Toby Cook crouching on the field at Kauffman Stadium

March 22, 2022

My dad took me to my first Royals game in 1976. I was 8 years old. We beat the Oakland A’s, 7-6, and I was hooked. Growing up in Independence, Kansas, I listened to the Royals every night on the radio and dreamed of being a play-by-play announcer. Four and a-half decades later, I’m blessed to say I got to do both: Broadcasting and baseball.

So here I am writing my first blog as director of public relations for The University of Kansas Health System.

How did that happen? I’ve always loved healthcare and the hospital scene. But I can’t say I had designs on working in this fascinating business until recently. I also don’t really buy into the idea of coincidences. Maybe you’ve felt called, felt led, to something you didn’t realize could be your passion. That’s what’s happening to me.

I also don’t really buy into the idea of coincidences. Maybe you’ve felt called, felt led, to something you didn’t realize could be your passion.

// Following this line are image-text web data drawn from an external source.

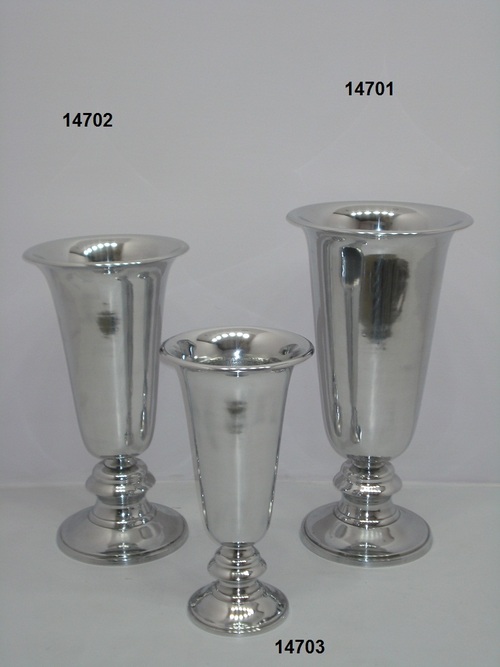 Round Design Flower Vase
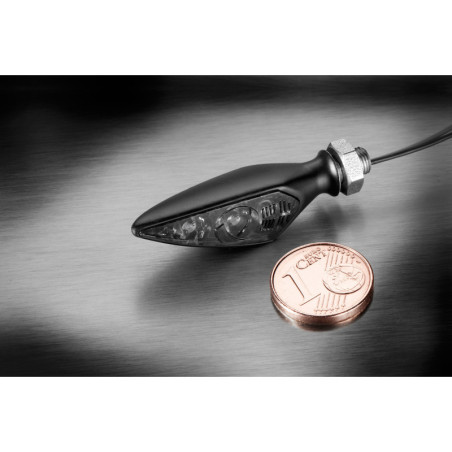 Smerovka Kellermann Rhombus - ľavá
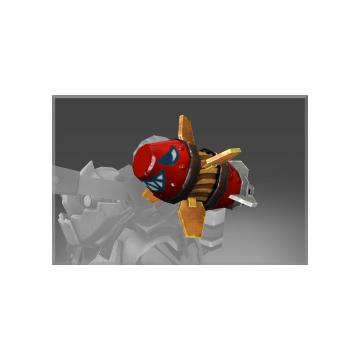 Flare of the Mechanised Pilgrim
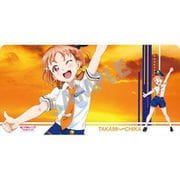 ラブライブ！サンシャイン！！ デスクマットコレクション パイロットver.高海千歌 [キャラクターグッズ]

That’s what’s happening to me.

Broadcasting, baseball and bandages?

That dream of calling play-by-play for my favorite sports team led me to pursue a career in broadcasting. And I actually made a go of it at 4 television stations as an anchor and reporter. A friend and I started the first morning show in the Pittsburg, Kansas/Joplin, Missouri, market back in 1992. We took the show to central Virginia in the mid-90s. He eventually went to the great Northwest, and I managed to score my on-air shot in KC at Fox 4, WDAF-TV. Living the dream.

Then, after emceeing a couple of Royals Charities events as a “celebrity host,” I was offered a chance to promote my Boys in Blue full-time. As vice president of community affairs and publicity, I experienced a great many triumphs in my 14 years with the Royals, not the least of which were the 2012 All-Star Game and 2 World Series appearances. Walking in the World Championship parade in 2015 is a highlight I’ve never quite been able to put in words.

And yet, my greatest Royals memories involve people we were able to help in the community. A great team off the field complemented the team on the field to raise millions of dollars for charity. I played a small role in elevating the team in the community as an important partner. This is where, I think, my TV and baseball experience meets what I’ve seen so far at a world-class health system.

The University of Kansas Health System is all about the patient. But I’ve seen firsthand we’re an incredibly important part of the community. Not just saving lives and healing people. But touching lives in ways most may never see. As a reporter, it was my job to tell stories. Same with baseball. I plan to tell as many stories as I can about the women and men who have made this place essential to the health, wellbeing and pride of a community. And since I’m learning every day how these healthcare heroes do their thing, you can learn right along with me.